Örneğin iki aile arasındaki yemek sahnelerinde sınıfsal farklılıkları
çok bariz görüyoruz. Emma’nın ailesi sanatla ilgi sahibi, açık fikirli,
kızlarının sanatsal çalışmalarını destekleyen ve cinsel yönelimini benimsemiş, yemekte
istiridye ve deniz ürünleri tüketip sanat konuşabilen karşıt olarak Adéle’in
ailesi de yemekte spagetti bolonez yiyen orta gelirli bir aile profili çizen ve
Emma’ya erkek arkadaşın ne iş yapıyor diye sorup farklı cinsel kimlikleri
görmeyen bir aile yapısı. Emma’nın, Adéle’i dudağından öptüğünde ailenin tepki
vermemesi fakat Emma, Adéle da kaldığı zaman farklı odalarda uyumaları da bu
farklıkların detaylarını gösteriyor.
Emma ve Adéle arasındaki sınıfsal farklar arkadaş
çevrelerinde görülüyor. Adéle in okul çıkışına gelen Emma'yı gören arkadaşları Adéle
tepki gösterince aralarında tartışma çıkıyor ama Emma Adéle ‘i arkadaşlarıyla
tanıştırdığında ilişki gayet olağan karşılanıyor.

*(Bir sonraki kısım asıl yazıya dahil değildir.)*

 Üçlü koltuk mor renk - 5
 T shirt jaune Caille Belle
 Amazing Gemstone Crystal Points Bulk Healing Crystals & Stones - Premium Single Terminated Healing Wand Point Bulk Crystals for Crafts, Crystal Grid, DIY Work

Filmdeki ayrılık sahnesi de çok başarılı. Emma’nın ilişkide en
başından beri erk tutum göstermesi bunu Adéle’in yemek hazırlaması ve
bulaşıkları yıkarken Emma’nın yatakta dergi okuması ve birçok sahnede
görebiliyoruz. Adéle’i sorgulaması ve sonunda Adéle'in yalanlarını
öğrendiğimizde ona tokat atması gayet başarılı performanslardı. İlgi çeken
nokta ise Emma'nın kendisini bir erkekle mi bir kadınla mı aldatıldığına
takılmasıydı. Peki, ayrılığın gerçek sebebi bir aldatmamıydı yoksa derin
nedenlerde var mıydı? Kechiche sanat camiasındaki sohbetleri bize gösterirken görüyoruz
ki cinsel özgürlük konusunda ne kadar sınırsız olunsa da mevzu sınıfsal farklılıklarına
gelince aynı özgürlüğün gösterilemediğini bir aşkın dahi nasıl kabul
göremeyeceğini ve yok olup gideceğini gösteriyor.